I wonder if this open letter writer reads Times-Picayune paper. Or they would know that it was their own city that let them down. Their own goverment that opened the flood gates.
In December of 1995, the Orleans Levee Board, the local government entity that oversees the levees and floodgates designed to protect New Orleans and the surrounding areas from rising waters, bragged in a supplement to the Times-Picayune newspaper about federal money received to protect the region from hurricanes.
"In the past four years, the Orleans Levee Board has built up its arsenal. The additional defenses are so critical that Levee Commissioners marched into Congress and brought back almost $60 million to help pay for protection," the pamphlet declared. "The most ambitious flood-fighting plan in generations was drafted. An unprecedented $140 million building campaign launched 41 projects."
The levee board promised Times-Picayune readers that the "few manageable gaps" in the walls protecting the city from Mother Nature's waters "will be sealed within four years (1999) completing our circle of protection."
But less than a year later, that same levee board was denied the authority to refinance its debts. Legislative Auditor Dan Kyle "repeatedly faulted the Levee Board for the way it awards contracts, spends money and ignores public bid laws," according to the Times-Picayune. The newspaper quoted Kyle as saying that the board was near bankruptcy and should not be allowed to refinance any bonds, or issue new ones, until it submitted an acceptable plan to achieve solvency.

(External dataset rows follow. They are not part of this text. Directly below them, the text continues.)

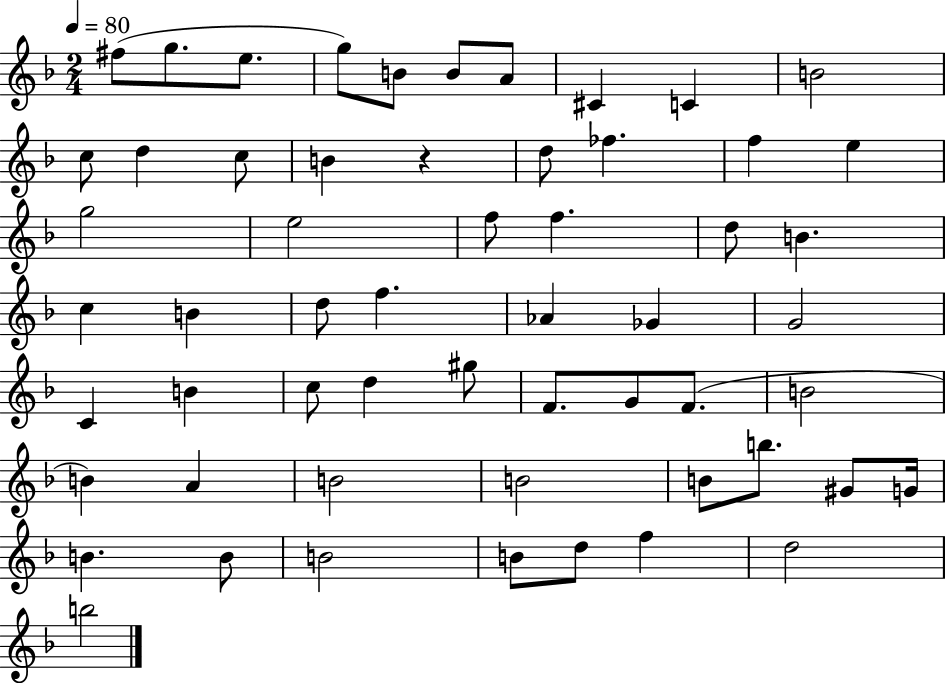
F#5/e G5/e. E5/e. G5/e B4/e B4/e A4/e C#4/q C4/q B4/h C5/e D5/q C5/e B4/q R/q D5/e FES5/q. F5/q E5/q G5/h E5/h F5/e F5/q. D5/e B4/q. C5/q B4/q D5/e F5/q. Ab4/q Gb4/q G4/h C4/q B4/q C5/e D5/q G#5/e F4/e. G4/e F4/e. B4/h B4/q A4/q B4/h B4/h B4/e B5/e. G#4/e G4/s B4/q. B4/e B4/h B4/e D5/e F5/q D5/h B5/h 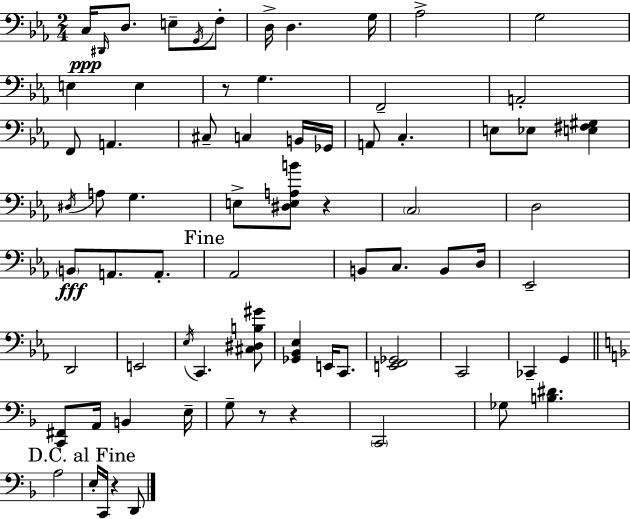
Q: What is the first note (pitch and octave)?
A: C3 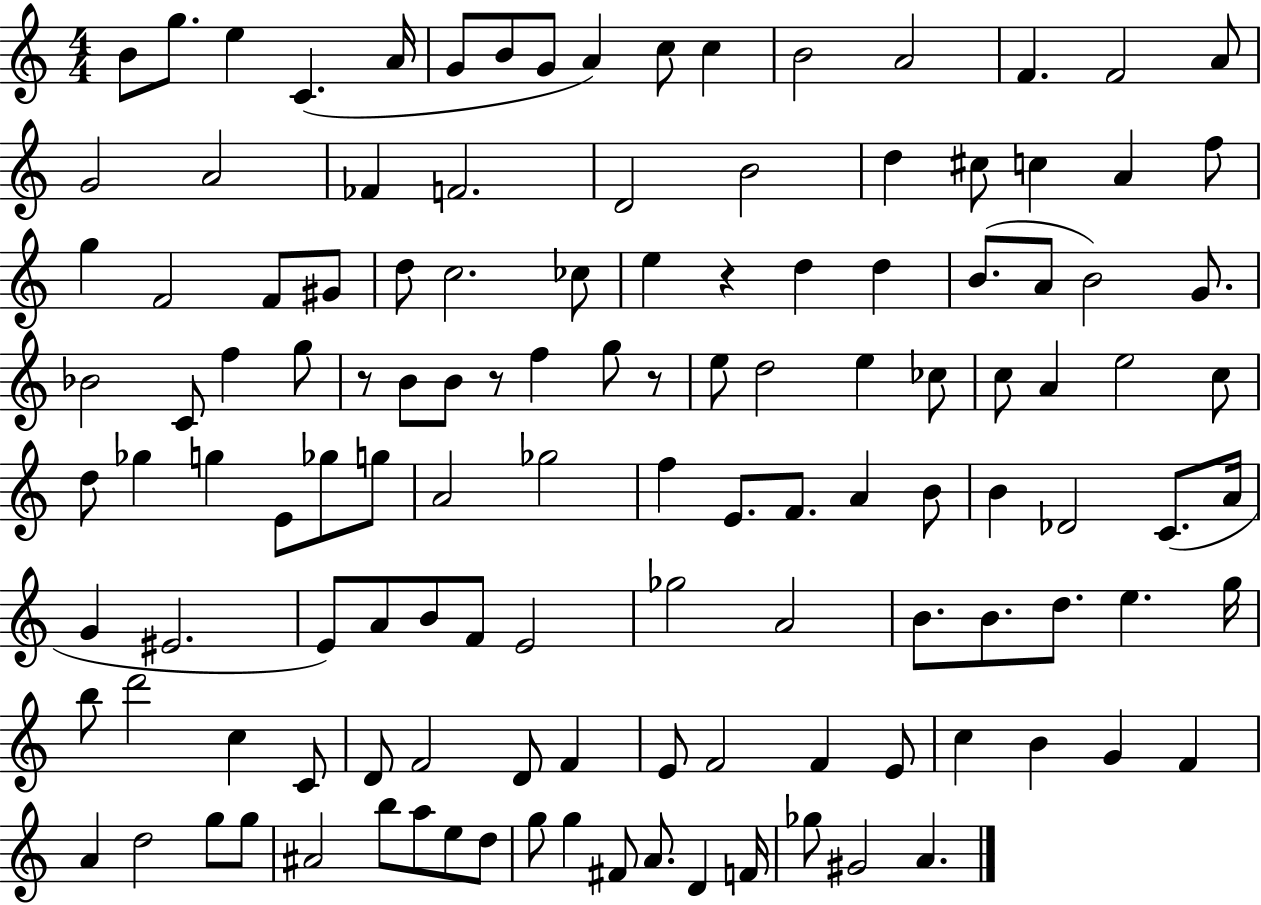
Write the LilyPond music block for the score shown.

{
  \clef treble
  \numericTimeSignature
  \time 4/4
  \key c \major
  b'8 g''8. e''4 c'4.( a'16 | g'8 b'8 g'8 a'4) c''8 c''4 | b'2 a'2 | f'4. f'2 a'8 | \break g'2 a'2 | fes'4 f'2. | d'2 b'2 | d''4 cis''8 c''4 a'4 f''8 | \break g''4 f'2 f'8 gis'8 | d''8 c''2. ces''8 | e''4 r4 d''4 d''4 | b'8.( a'8 b'2) g'8. | \break bes'2 c'8 f''4 g''8 | r8 b'8 b'8 r8 f''4 g''8 r8 | e''8 d''2 e''4 ces''8 | c''8 a'4 e''2 c''8 | \break d''8 ges''4 g''4 e'8 ges''8 g''8 | a'2 ges''2 | f''4 e'8. f'8. a'4 b'8 | b'4 des'2 c'8.( a'16 | \break g'4 eis'2. | e'8) a'8 b'8 f'8 e'2 | ges''2 a'2 | b'8. b'8. d''8. e''4. g''16 | \break b''8 d'''2 c''4 c'8 | d'8 f'2 d'8 f'4 | e'8 f'2 f'4 e'8 | c''4 b'4 g'4 f'4 | \break a'4 d''2 g''8 g''8 | ais'2 b''8 a''8 e''8 d''8 | g''8 g''4 fis'8 a'8. d'4 f'16 | ges''8 gis'2 a'4. | \break \bar "|."
} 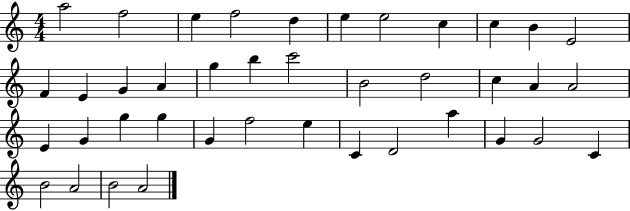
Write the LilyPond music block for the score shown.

{
  \clef treble
  \numericTimeSignature
  \time 4/4
  \key c \major
  a''2 f''2 | e''4 f''2 d''4 | e''4 e''2 c''4 | c''4 b'4 e'2 | \break f'4 e'4 g'4 a'4 | g''4 b''4 c'''2 | b'2 d''2 | c''4 a'4 a'2 | \break e'4 g'4 g''4 g''4 | g'4 f''2 e''4 | c'4 d'2 a''4 | g'4 g'2 c'4 | \break b'2 a'2 | b'2 a'2 | \bar "|."
} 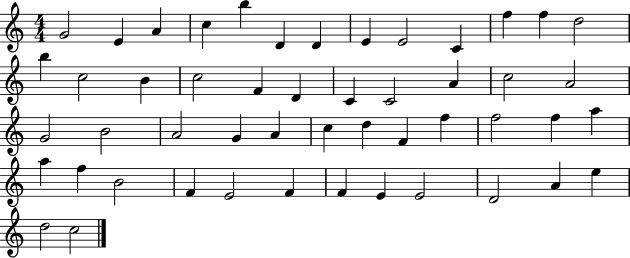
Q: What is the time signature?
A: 4/4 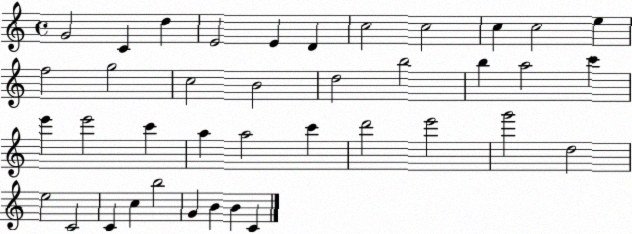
X:1
T:Untitled
M:4/4
L:1/4
K:C
G2 C d E2 E D c2 c2 c c2 e f2 g2 c2 B2 d2 b2 b a2 c' e' e'2 c' a a2 c' d'2 e'2 g'2 d2 e2 C2 C c b2 G B B C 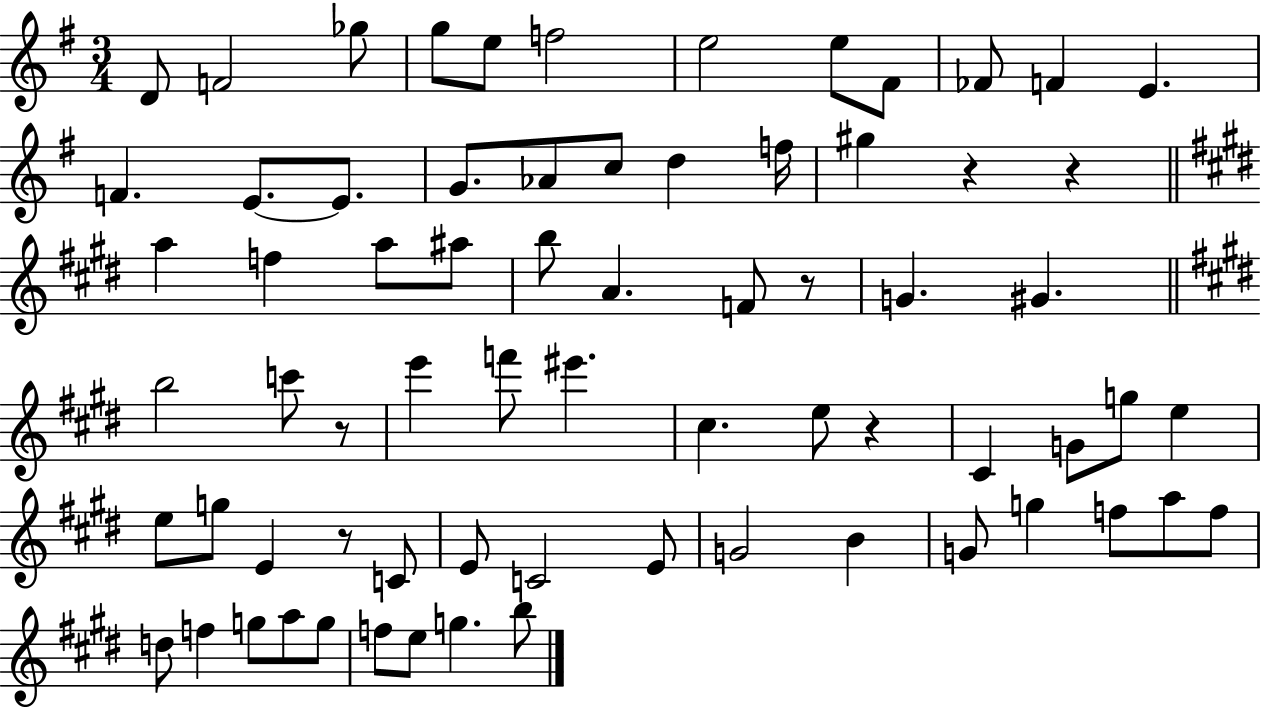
D4/e F4/h Gb5/e G5/e E5/e F5/h E5/h E5/e F#4/e FES4/e F4/q E4/q. F4/q. E4/e. E4/e. G4/e. Ab4/e C5/e D5/q F5/s G#5/q R/q R/q A5/q F5/q A5/e A#5/e B5/e A4/q. F4/e R/e G4/q. G#4/q. B5/h C6/e R/e E6/q F6/e EIS6/q. C#5/q. E5/e R/q C#4/q G4/e G5/e E5/q E5/e G5/e E4/q R/e C4/e E4/e C4/h E4/e G4/h B4/q G4/e G5/q F5/e A5/e F5/e D5/e F5/q G5/e A5/e G5/e F5/e E5/e G5/q. B5/e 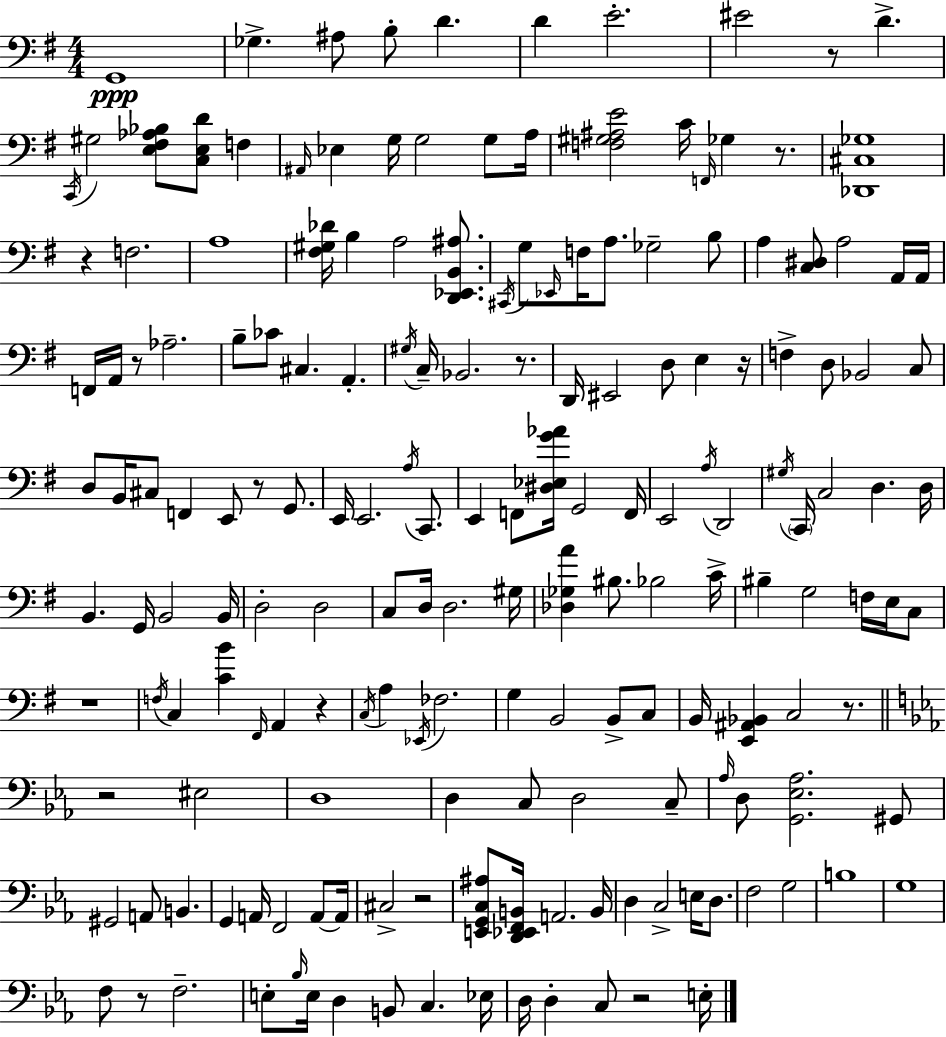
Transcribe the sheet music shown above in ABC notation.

X:1
T:Untitled
M:4/4
L:1/4
K:G
G,,4 _G, ^A,/2 B,/2 D D E2 ^E2 z/2 D C,,/4 ^G,2 [E,^F,_A,_B,]/2 [C,E,D]/2 F, ^A,,/4 _E, G,/4 G,2 G,/2 A,/4 [F,^G,^A,E]2 C/4 F,,/4 _G, z/2 [_D,,^C,_G,]4 z F,2 A,4 [^F,^G,_D]/4 B, A,2 [D,,_E,,B,,^A,]/2 ^C,,/4 G,/2 _E,,/4 F,/4 A,/2 _G,2 B,/2 A, [C,^D,]/2 A,2 A,,/4 A,,/4 F,,/4 A,,/4 z/2 _A,2 B,/2 _C/2 ^C, A,, ^G,/4 C,/4 _B,,2 z/2 D,,/4 ^E,,2 D,/2 E, z/4 F, D,/2 _B,,2 C,/2 D,/2 B,,/4 ^C,/2 F,, E,,/2 z/2 G,,/2 E,,/4 E,,2 A,/4 C,,/2 E,, F,,/2 [^D,_E,G_A]/4 G,,2 F,,/4 E,,2 A,/4 D,,2 ^G,/4 C,,/4 C,2 D, D,/4 B,, G,,/4 B,,2 B,,/4 D,2 D,2 C,/2 D,/4 D,2 ^G,/4 [_D,_G,A] ^B,/2 _B,2 C/4 ^B, G,2 F,/4 E,/4 C,/2 z4 F,/4 C, [CB] ^F,,/4 A,, z C,/4 A, _E,,/4 _F,2 G, B,,2 B,,/2 C,/2 B,,/4 [E,,^A,,_B,,] C,2 z/2 z2 ^E,2 D,4 D, C,/2 D,2 C,/2 _A,/4 D,/2 [G,,_E,_A,]2 ^G,,/2 ^G,,2 A,,/2 B,, G,, A,,/4 F,,2 A,,/2 A,,/4 ^C,2 z2 [E,,G,,C,^A,]/2 [D,,_E,,F,,B,,]/4 A,,2 B,,/4 D, C,2 E,/4 D,/2 F,2 G,2 B,4 G,4 F,/2 z/2 F,2 E,/2 _B,/4 E,/4 D, B,,/2 C, _E,/4 D,/4 D, C,/2 z2 E,/4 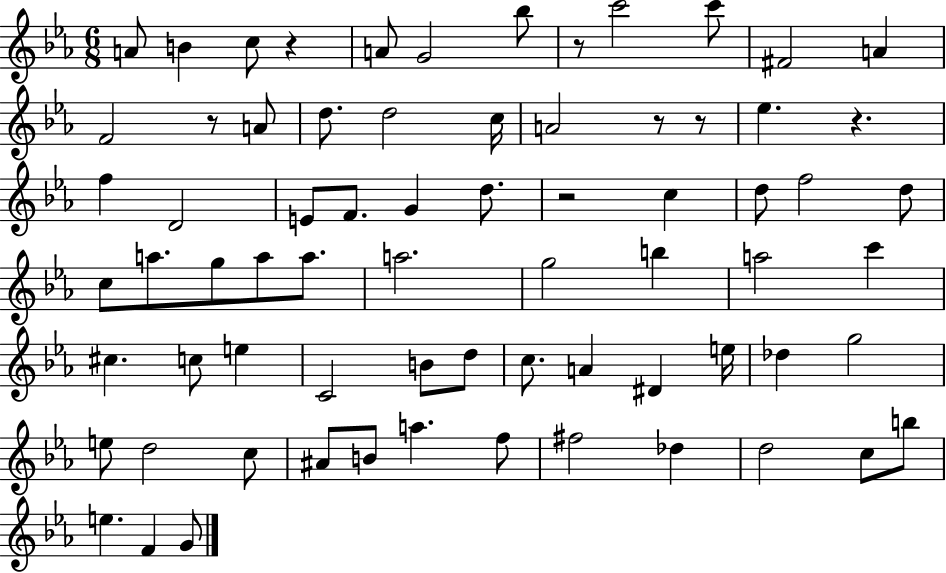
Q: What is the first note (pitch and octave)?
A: A4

Blocked from financing the local portion of the flood fighting efforts, the levee board was unable to spend the federal matching funds that had been designated for the project.
By 1998, Louisiana's state government had a $2 billion construction budget, but less than one tenth of one percent of that -- $1.98 million -- was dedicated to levee improvements in the New Orleans area. State appropriators were able to find $22 million that year to renovate a new home for the Louisiana Supreme Court and $35 million for one phase of an expansion to the New Orleans convention center.
The following year, the state legislature did appropriate $49.5 million for levee improvements, but the proposed spending had to be allocated by the State Bond Commission before the projects could receive financing. The commission placed the levee improvements in the "Priority 5" category, among the projects least likely to receive full or immediate funding.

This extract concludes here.